A story from the St. Louis Post-Dispatch provided an illustrative case. The news article began discussing the current difficulties of two local St Louis hospitals, then provided an explanation in what amounted to a series of flashbacks. Let me re sequence it a bit, starting with the background of two local hospitals that got caught up in web.
For several decades, Forest Park Hospital — founded in 1889 as Deaconess Central Hospital — was one of the city’s leading community hospitals, serving a broad spectrum of patients including many African-American residents from north St. Louis.

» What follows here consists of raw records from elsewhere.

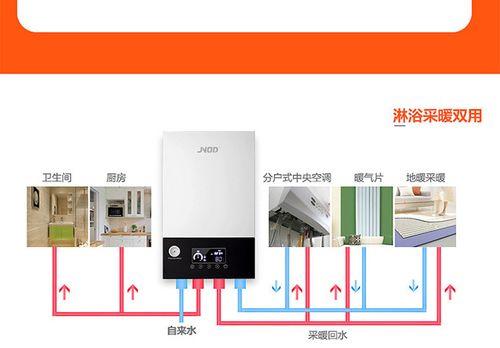 电采暖壁挂炉如何选择？常见问题有哪些解答？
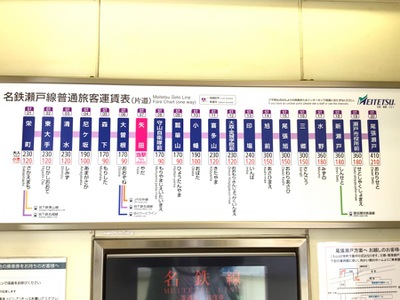 ユキサキナビ 名鉄瀬戸線矢田駅 ユキサキナビ 名鉄瀬戸線矢田駅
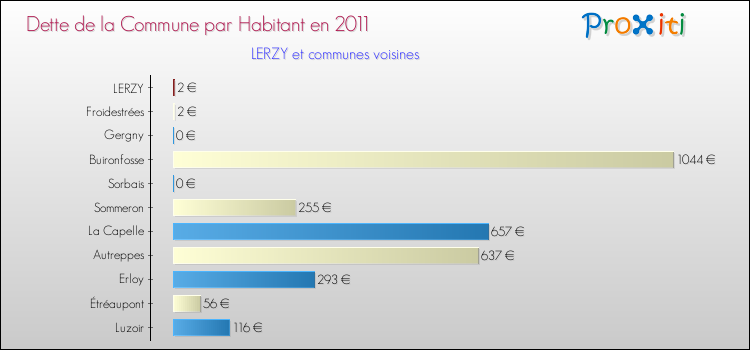 Dette par habitant de la commune en 2011 pour LERZY et les communes proches Comparaison de la dette par habitant de la commune en 2011 pour LERZY et les communes voisines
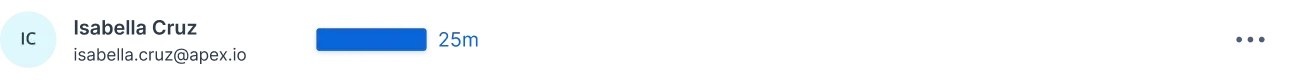 stakeholder composition 5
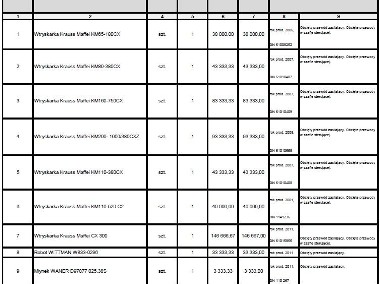 Syndyk sprzeda środki trwałe i wyposażenie, tj. m.in. maszyny i AGD-1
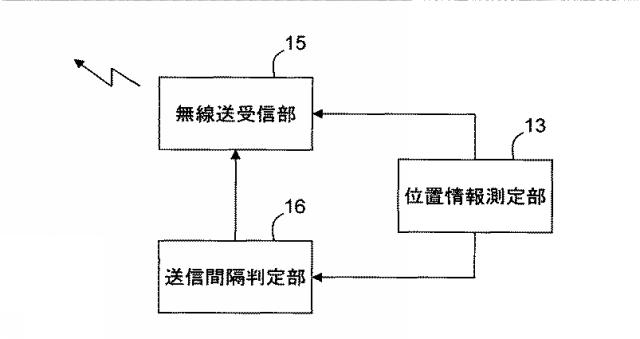 WO2013161439-通信装置、送信間隔制御装置、位置情報送信方法、位置情報の送信間隔制御方法およびプログラム 図000008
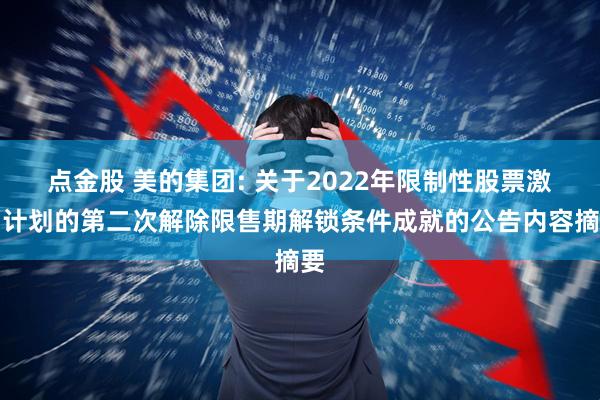 点金股 美的集团: 关于2022年限制性股票激励计划的第二次解除限售期解锁条件成就的公告内容摘要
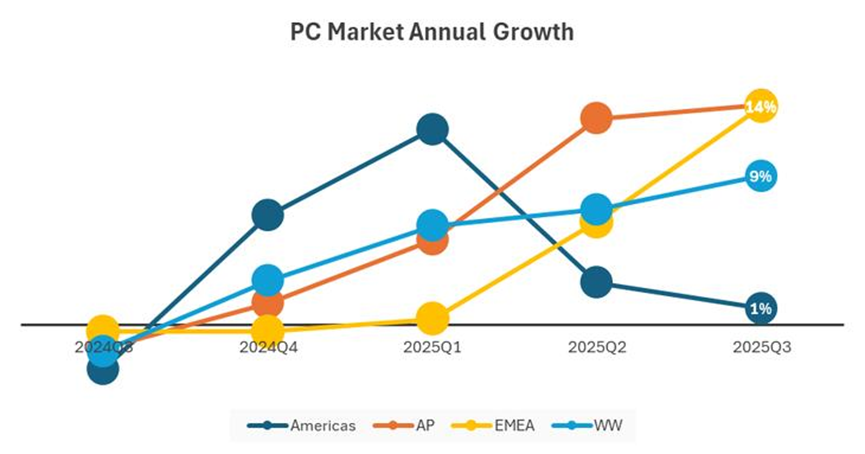 ������PC�Ј���ã��롢���ա��������L�ֻ����l����ꠣ�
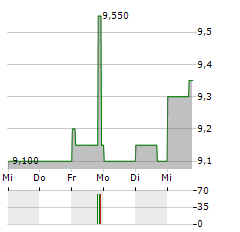 MCMILLAN SHAKESPEARE Aktie 5-Tage-Chart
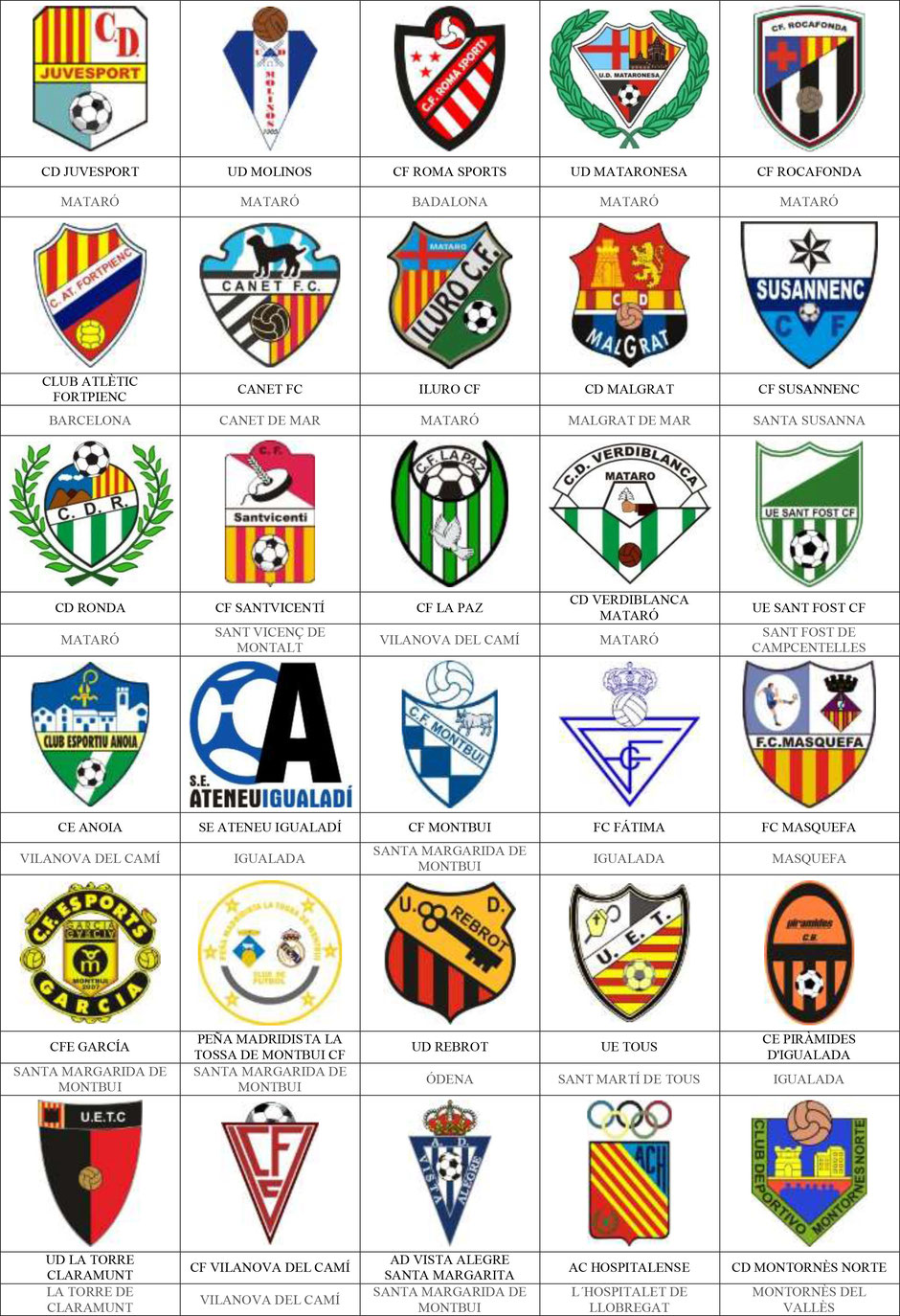 equipos futbol barcelona
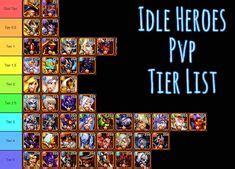 8 Idle Heroes Tier List ideas | tiered, best hero, list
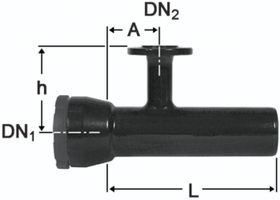 Schraubmuffen-T Muffen/Spitzende/Flansch - Fig. 2353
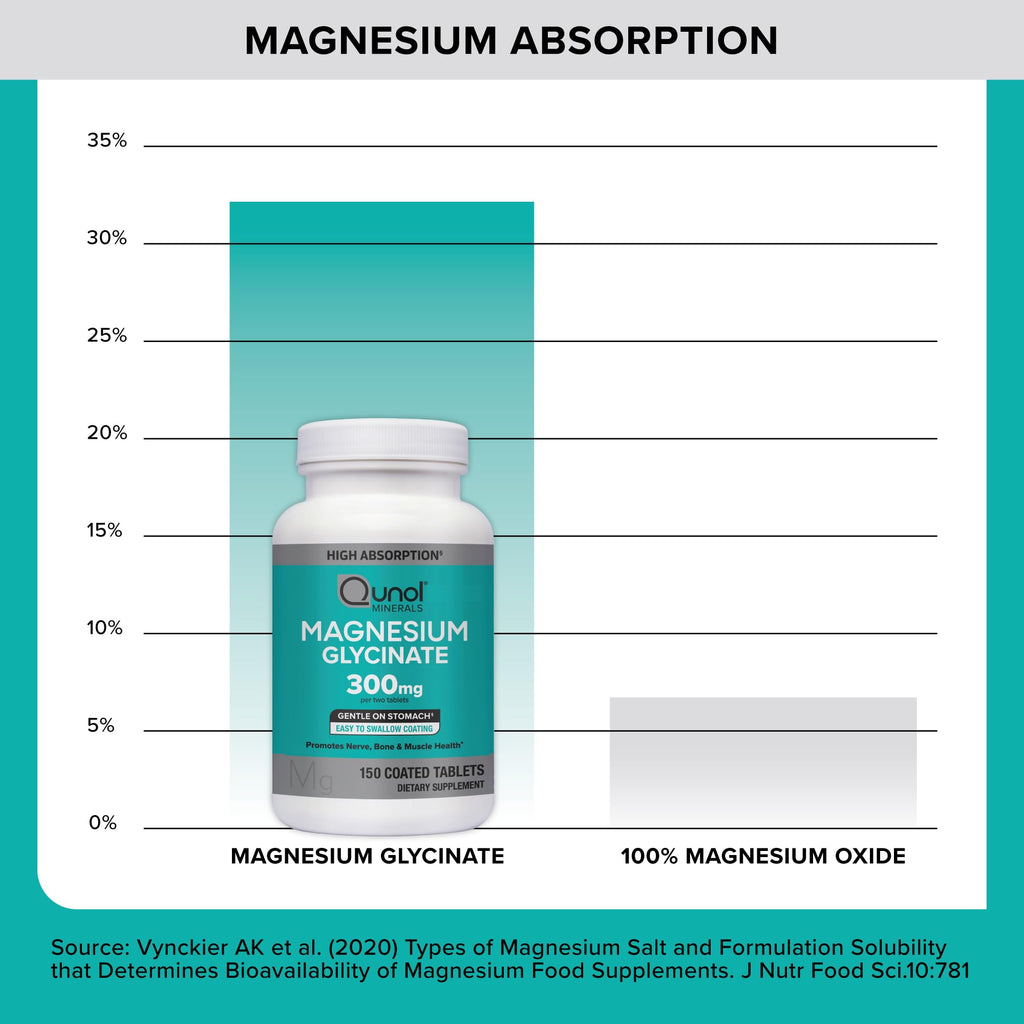 Qunol Magnesium Glycinate 300mg Chelated Supplement

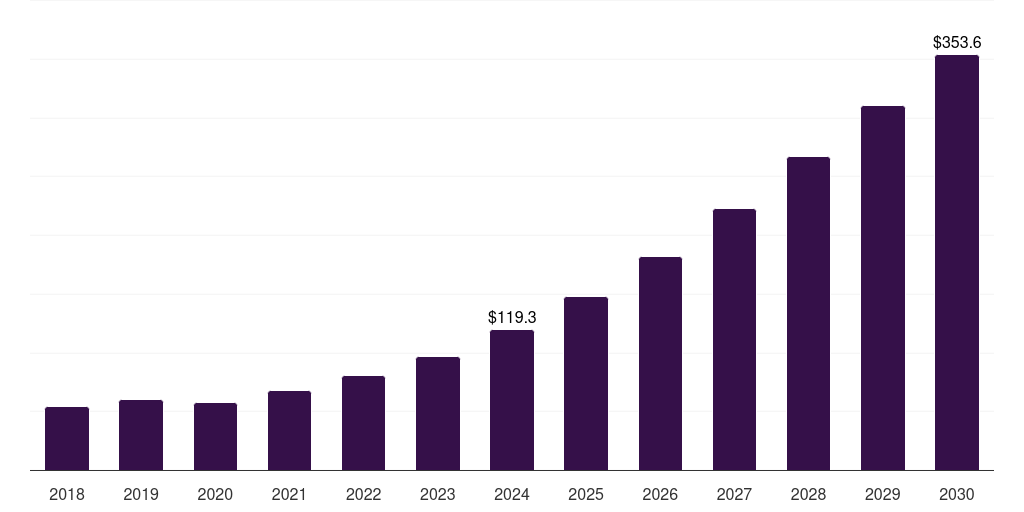 Spain satellite manufacturing market, 2018-2030 (US$M)
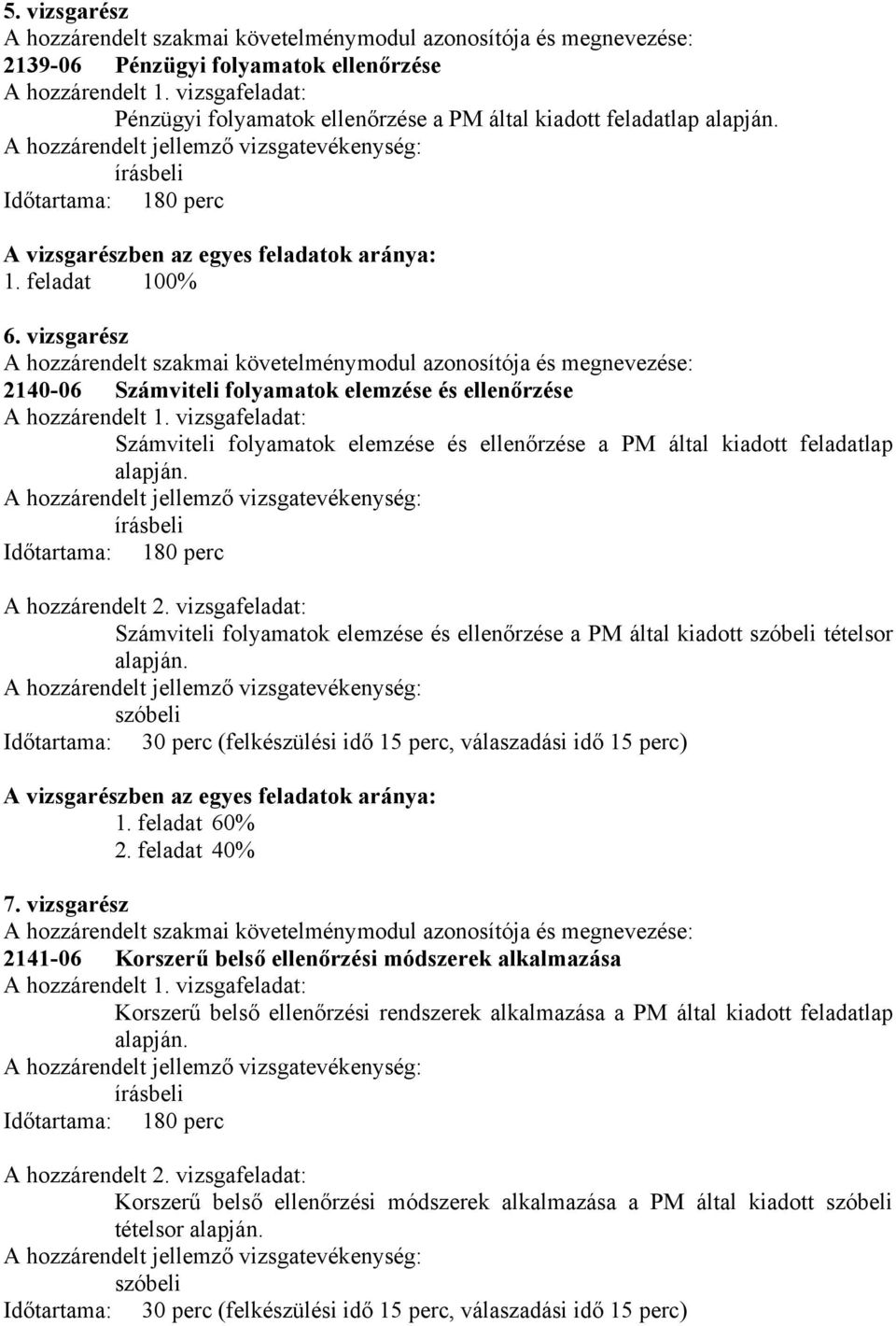 A hozzárendelt jellemző vizsgatevékenység: írásbeli Időtartama: 180 perc A vizsgarészben az egyes feladatok aránya: 1. feladat 100% 6.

But in recent years, the hospital’s revenues and its number of patient visits had waned because, in part, of the emergence of major hospitals in west St. Louis County and its decision in 2006 to discontinue obstetric services.
As the hospital struggled, it continued to be passed along from one owner to the next. In 2004, it was acquired by Argilla Healthcare Inc. Argilla merged with Doctors Community Healthcare Corp. of Scottsdale, Ariz., which became Envision Hospital Corp.
Former board member Buford said Forest Park’s downfall began several years ago when Envision executives made the decision to use the hospital’s profits to help prop up a faltering hospital that Envision owned in Washington.
In 2005, Envision sold the buildings and land of Forest Park Hospital and St. Alexius Hospital to Medline Industries, the Illinois manufacturer of surgical supplies.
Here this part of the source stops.